You are working on Ubuntu LTS 14.04. You are logged in as the root user. You run the following command:

exec su simple_user -c "/bin/bash /etc/init.d/simple_user_service"

So that the "simple_user_service" is launched with "simple_user" privileges and not root privileges.


It seems that "exec su simple_user -c" doesn't source .bashrc nor .profile nor any other normally sourced file for new interactive shell terminal. I confirmed that by adding this line in simple_user .bashrc file:

export TEST="Hello"

Then in my "simple_user_service" init script:

# Provides:             test_script
# X-Interactive:        true
# Short-Description:    Test script

echo $TEST

When I execute the script, nothing is printed, but if I execute the following commands:

su simple_user
echo $TEST
> Hello

The TEST variable is set and printed out correctly.

So I was wondering: does "exec su simple_user -c" command source any simple_user profile/bashrc files? If so, is there a way to know which ones?

Thanks a lot for your help!

[Edit - 2 hours later]

Thanks to the answer I received, I understood more accurately 'man bash' instructions. I found this:

   When bash is started non-interactively, to run a shell script, for example, it looks for the variable BASH_ENV in the environment, expands its value if it  appears  there,  and
   uses the expanded value as the name of a file to read and execute.  Bash behaves as if the following command were executed:
          if [ -n "$BASH_ENV" ]; then . "$BASH_ENV"; fi
   but the value of the PATH variable is not used to search for the file name.

It is really interesting as you can set BASH_ENV to a file that runs specific commands each time you use "su simple_user -c" without requiring to load the full interactive logic.

So, before executing su simple_user -c, you can simply do:

export BASH_ENV=~/.bash_script

And set things in your simple_user .bash_script file, like:

export TEST="Hello"

Then when I execute the "simple_user_service" script, "Hello" is properly printed.

It was really usefull for me as I needed this to load all the "rvm" environment (ruby) to run a specific script.

Want to know more?

Why all this trouble?

Because I installed ruby god: http://godrb.com/ to monitore this specific script (a delayed job one).

And I'm using "rvm" to manage different rubies.

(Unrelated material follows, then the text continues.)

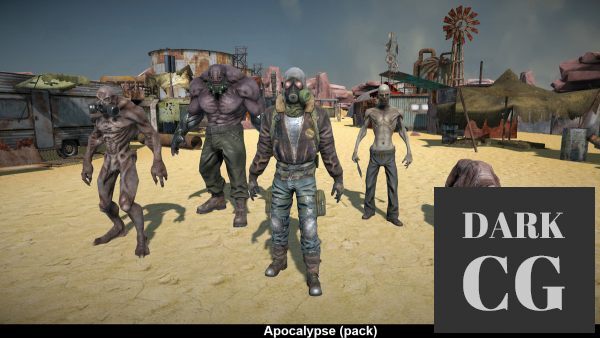 Unity Asset Store – Characters and enviroments Apocalypse (pack)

And the script automatically drop privileges if necessary by executing exec su application_user -c "/bin/bash application_script"

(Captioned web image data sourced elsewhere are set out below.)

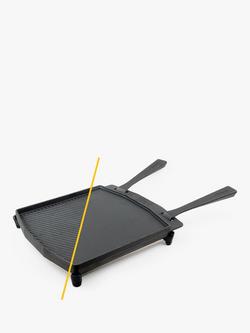 Ooni Outdoor Oven Dual Sided Cast Iron Grizzler Plate & Stainless Steel Trivet - view 2, Black
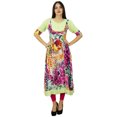 thumbnail image 2 of Bimba Women Long Flaired Polyester Dress Printed Kurta Kurti Ethnic Clothing, 2 of 8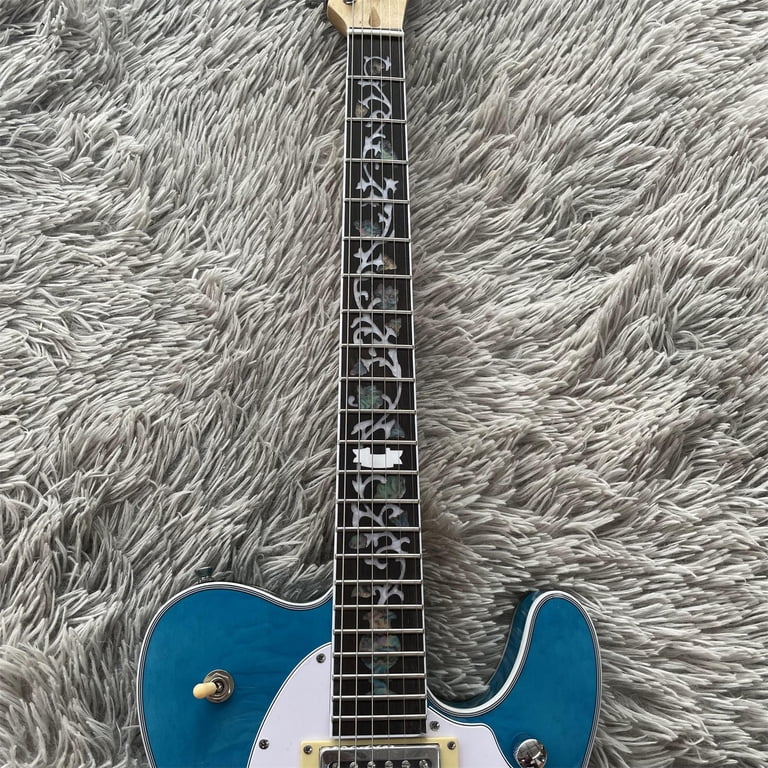 Zuwei Blue Semi-Hollow Body ZW-TL Electric Guitar Custom Shop 22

As god needs to run with root privileges and rvm is only loaded in .bashrc/.profile files, I needed a way to properly load rvm environment in my script. I could simply add the rvm load command in the script, but then my script would have been environment dependant and that was not acceptable.

So I added this in my script before privileges are dropped:

if [ -e "config/BASH_ENV" ]; then
  export BASH_ENV=$(cat config/BASH_ENV)

Thanks to that I can load rvm in the file I set in the config/BASH_ENV file. For instance it could be:

# In config/BASH_ENV file of your rails app:
export BASH_ENV="~/.bash_script"

# In /home/simple_user/.bash_script 
[[ -s "/etc/profile.d/rvm.sh" ]] && . "/etc/profile.d/rvm.sh" # Load RVM function

Then, my script and god work as expected.

I did not explain all those things before getting answers so that readers could focus on the real question.

But as I got a good answer and found a good solution thanks to that, I wrote this edit so that it may be useful to others.

Thanks again!

1 Answer 1


When you do:

su some_user -c 'some_command'    

The some_command will be executed as:

bash -c 'some_command'

Assuming bash is some_user's shell defined in /etc/passwd.

Now when you do bash -c 'some_command' you are basically spawning a non-interactive (and of course non-login) session of bash. As no file is sourced by the shell while in non-interactive mode so no file is being read expectedly.

Note that ~/.profile is sourced in a login, interactive session of bash and ~/.bashrc is sourced in a non-login, interactive session of bash. Also note that Ubuntu sources ~/.bashrc from ~/.profile.

Check the INVOCATION section of man bash to get more idea.